By David Shiga
An international meeting that was supposed to cement environmental rules stemming from the 1997 Kyoto treaty on global warming ended with little consensus besides an agreement to hold more discussions.
The meeting, held Dec. 6 to 17, 2004, in Buenos Aires, was the first since Russia ratified the Kyoto Protocol in November. Russia’s approval fulfills the condition that countries responsible for more than 55 percent of the world’s greenhouse gases have ratified the treaty, so the agreement will take effect on Feb. 16. The Kyoto Protocol commits ratifying countries to reduce their greenhouse-gas emissions, by 2012, to 5 percent below their 1990 emissions.
The meeting opened in a celebratory mood, but divisions quickly emerged. The United States, which hasn’t ratified the treaty, allied with major oil producers and some developing countries and attempted to derail plans for a 2005 meeting to discuss greenhouse-gas reductions after 2012. However, a last-minute compromise states that a single, “informal” meeting will take place next May.
Conflict blocked agreement on compensation for the effects of climate change on small island states.
The assembled nations, including the United States, didn’t argue over the link between greenhouse-gas emissions and rising temperatures, a point of past contention. However, they did debate the connection between weather-related disasters and climate change. The United Nations Environment Program (UNEP) released figures showing that 2004 was the costliest year on record for worldwide hurricane and other weather-related damage. The price tag was $90 billion for the first 10 months of 2004, compared with $65 billion for all of 2003.
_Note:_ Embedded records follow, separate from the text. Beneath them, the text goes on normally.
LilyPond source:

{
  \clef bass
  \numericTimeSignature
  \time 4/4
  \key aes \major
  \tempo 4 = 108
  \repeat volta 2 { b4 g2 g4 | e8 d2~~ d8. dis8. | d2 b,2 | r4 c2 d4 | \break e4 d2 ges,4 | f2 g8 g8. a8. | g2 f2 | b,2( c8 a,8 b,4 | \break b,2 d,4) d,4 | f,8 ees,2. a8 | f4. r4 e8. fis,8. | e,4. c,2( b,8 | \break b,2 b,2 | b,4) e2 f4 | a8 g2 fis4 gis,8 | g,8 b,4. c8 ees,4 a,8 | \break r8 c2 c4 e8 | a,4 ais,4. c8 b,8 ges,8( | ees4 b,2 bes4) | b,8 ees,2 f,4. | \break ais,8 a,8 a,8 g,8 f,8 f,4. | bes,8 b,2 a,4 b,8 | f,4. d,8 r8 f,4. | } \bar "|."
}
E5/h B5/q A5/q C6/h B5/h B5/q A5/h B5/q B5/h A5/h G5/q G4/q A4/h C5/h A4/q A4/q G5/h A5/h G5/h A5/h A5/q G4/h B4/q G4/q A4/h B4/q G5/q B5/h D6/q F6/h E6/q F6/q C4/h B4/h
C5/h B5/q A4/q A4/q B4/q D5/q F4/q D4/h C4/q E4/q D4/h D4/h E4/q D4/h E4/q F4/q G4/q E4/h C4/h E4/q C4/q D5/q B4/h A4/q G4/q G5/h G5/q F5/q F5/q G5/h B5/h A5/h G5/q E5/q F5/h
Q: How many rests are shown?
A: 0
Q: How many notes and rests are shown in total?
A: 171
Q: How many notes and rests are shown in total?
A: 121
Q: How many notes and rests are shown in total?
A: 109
“Climate scientists anticipate an increase in intensity of extreme weather events,” warns UNEP head Klaus Toepfer, “and this is what the insurance industry is experiencing, resulting in . . . losses.”
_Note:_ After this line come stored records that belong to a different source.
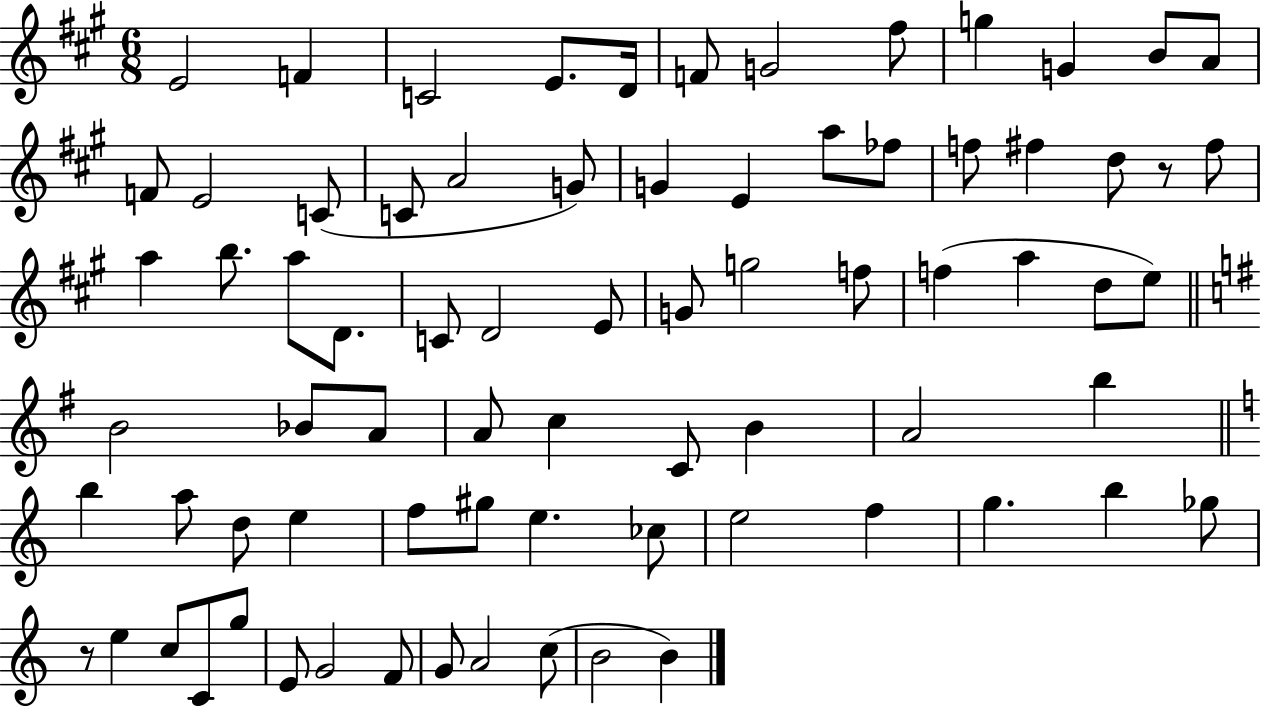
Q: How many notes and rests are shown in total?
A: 76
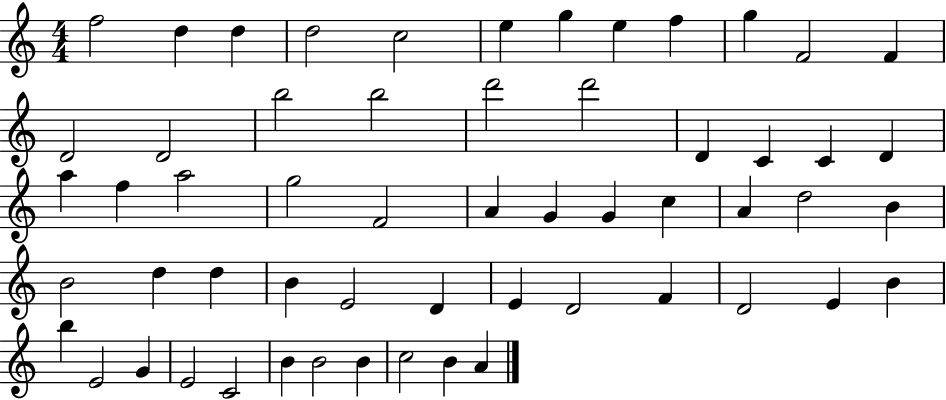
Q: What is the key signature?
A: C major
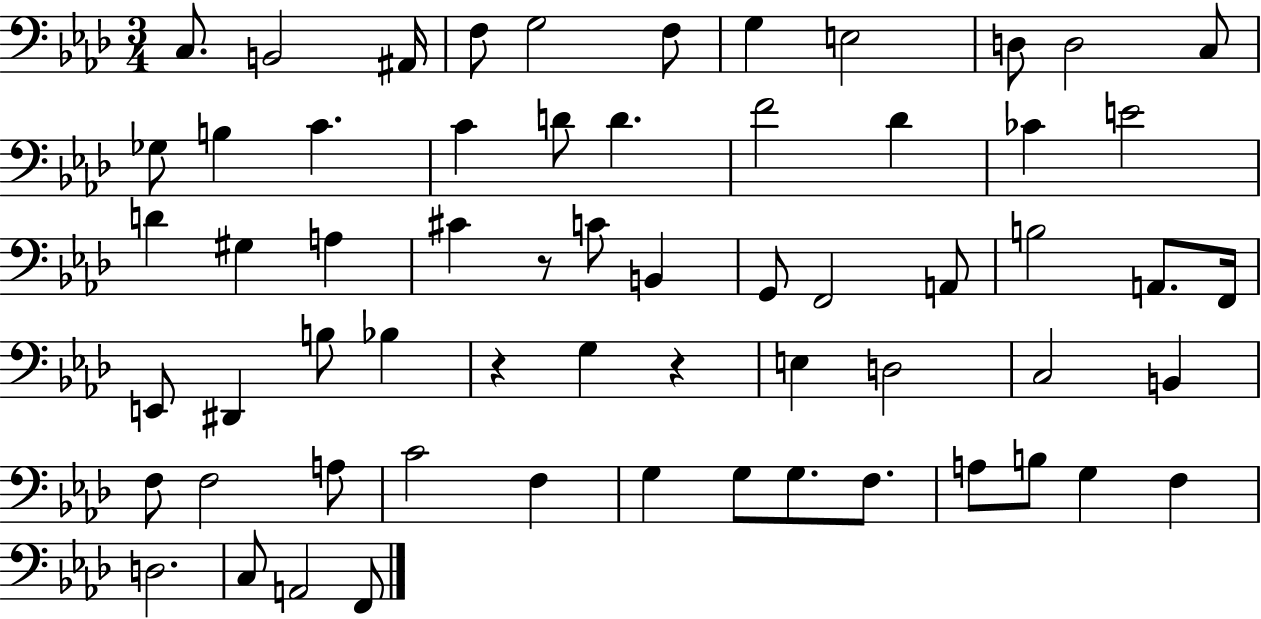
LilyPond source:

{
  \clef bass
  \numericTimeSignature
  \time 3/4
  \key aes \major
  c8. b,2 ais,16 | f8 g2 f8 | g4 e2 | d8 d2 c8 | \break ges8 b4 c'4. | c'4 d'8 d'4. | f'2 des'4 | ces'4 e'2 | \break d'4 gis4 a4 | cis'4 r8 c'8 b,4 | g,8 f,2 a,8 | b2 a,8. f,16 | \break e,8 dis,4 b8 bes4 | r4 g4 r4 | e4 d2 | c2 b,4 | \break f8 f2 a8 | c'2 f4 | g4 g8 g8. f8. | a8 b8 g4 f4 | \break d2. | c8 a,2 f,8 | \bar "|."
}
Recent increased storm activity didn’t reflect human influence, said Conrad C. Lautenbacher Jr., the administrator of the Washington, D.C.–based National Oceanic and Atmospheric Administration (NOAA), at a press conference held by the U.S. delegation. “There is no scientific direct evidence that connects the storms with climate change,” he said. He attributed the increased damage to natural weather cycles.
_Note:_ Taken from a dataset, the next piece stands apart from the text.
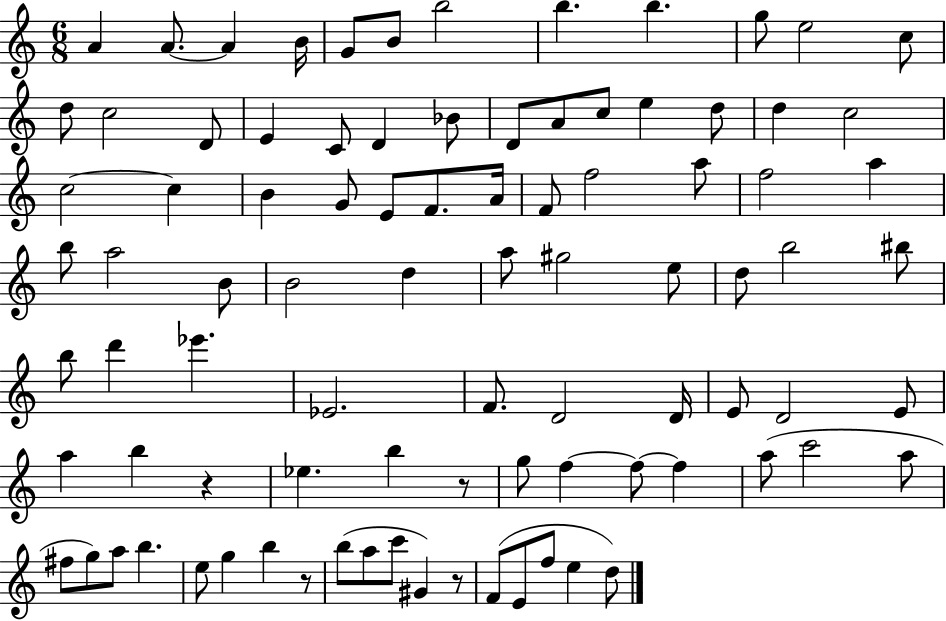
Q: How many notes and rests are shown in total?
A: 90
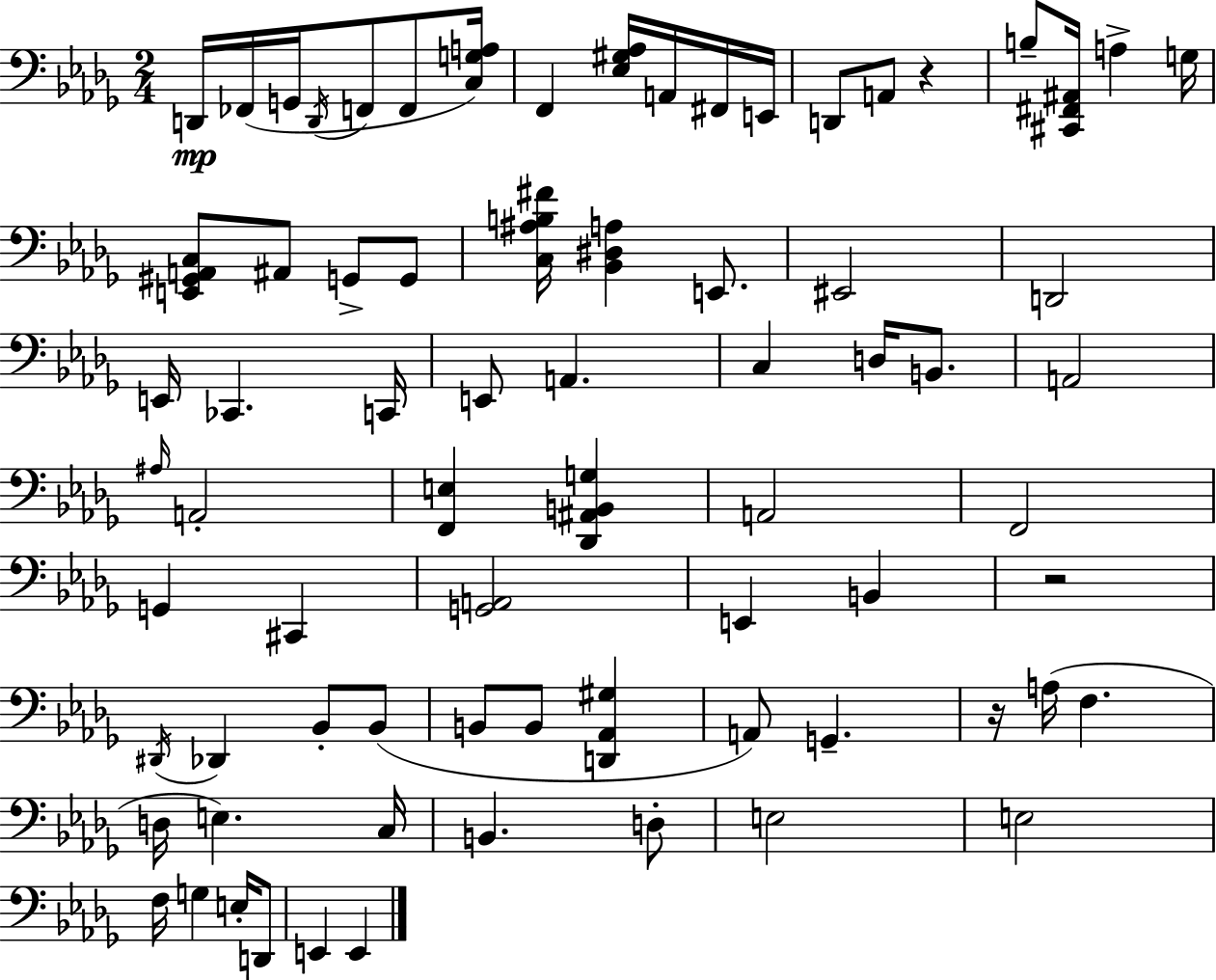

The director of the UNEP study, Thomas Loster of the Munich, Germany, insurance company Munich Re, later responded by pointing to computer simulations by NOAA scientist Thomas R. Knutson, which predict more intense tropical storms.
Knutson’s research, which appeared in the Sept. 15, 2004 Journal of Climate, projected the effect of carbon dioxide–concentration increases of 1 percent per year—less than the current rate—over 80 years and predicted that tropical storms will become half a category greater in strength, on average.
However, Knutson told Science News that he doubts that climate change underlies any significant increase in hurricane activity so far.